I want the ability to put all groups on hold whilst we await a mature backup solution for groups.
Rgds
Lee
There's no soft-delete functionality available for Office 365 Groups today. When you delete a group, it is immediately removed from the system and cannot be retrieved. As you can imagine, this is not a great situation to be in and Microsoft has committed to providing soft-delete capabilities in the future. The situation is a little complicated because of the links that might exist for a group between Exchange, SharePoint, Planner, Dynamics CRM, and Power BI (not to mention AAD), so I suspect that this is why it is taking a while for the feature to emerge.
- Lee MaygerBrass Contributor
Hi Tony,
Thanks for the quick answer, your help is always appreciated. I was aware that groups do not have a soft deletion option, but was led to believe that you were able to put the group mailbox and one drive for business on Discovery Hold, so that you can run a content search to retrieve the items if the group is deleted? If that is not the case, then I will hold back on the roll out of groups in our tenant, until I have a solution to this pronlem.
Rgds
Lee
- Barry CohenCopper Contributor
As has been pointed out, there are many complications to address. For us, the ability to move the document library to a SPO library archive - we use a document center site - from Groups would be a big help.

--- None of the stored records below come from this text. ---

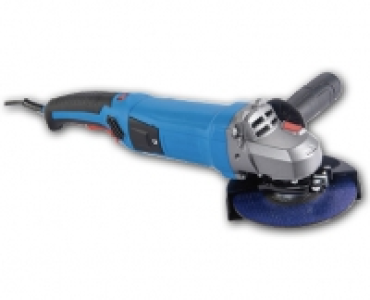 FERREX® Einhand-Winkelschleifer CHF 34.90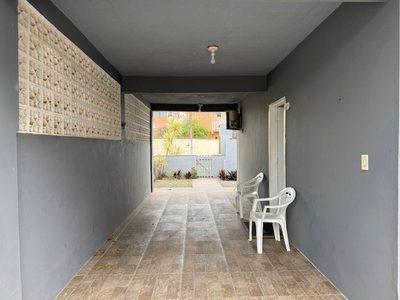Casa, 4 quartos, 96 m² - Foto 5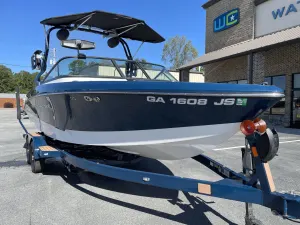 2021-nautique-super-air-nautique-230-148021-image25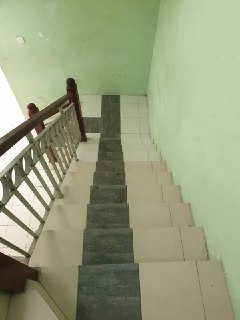 2 Storey Intermidiate Presint 9 Putrajaya - photo 6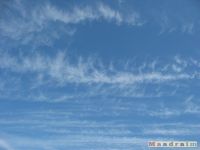 niebo_0094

We've been using team site (and project sites) for years and would love to use Groups instead, For that to truly work for us we'd need to be able to create our own Group document library template that makes use of our custom content types which also requires access to our metadata store. Our use case would be - create a group for the project, inviting all relevant internal and external users and then archiving the documents (by moving to SPO as above) and perhaps email.
Email isn't as huge an issue since we set it up so that group members get emails from the group so the messages can be archived that way.
We're not subject to regulatory compliance so we don't face those issues.
Of course, the easy way is to do nothing - keep the group and allow users to either leave or just remove the group from their Outlook clients and perhaps hide them in OneDrive. that will get messy after a while of course.
- Ruben KerteszIron ContributorI am also desiring this feature. Would like to be able to make a group "inactive" which would allow me to choose where to put files and emails and such or at least remove it from list of groups in outlook.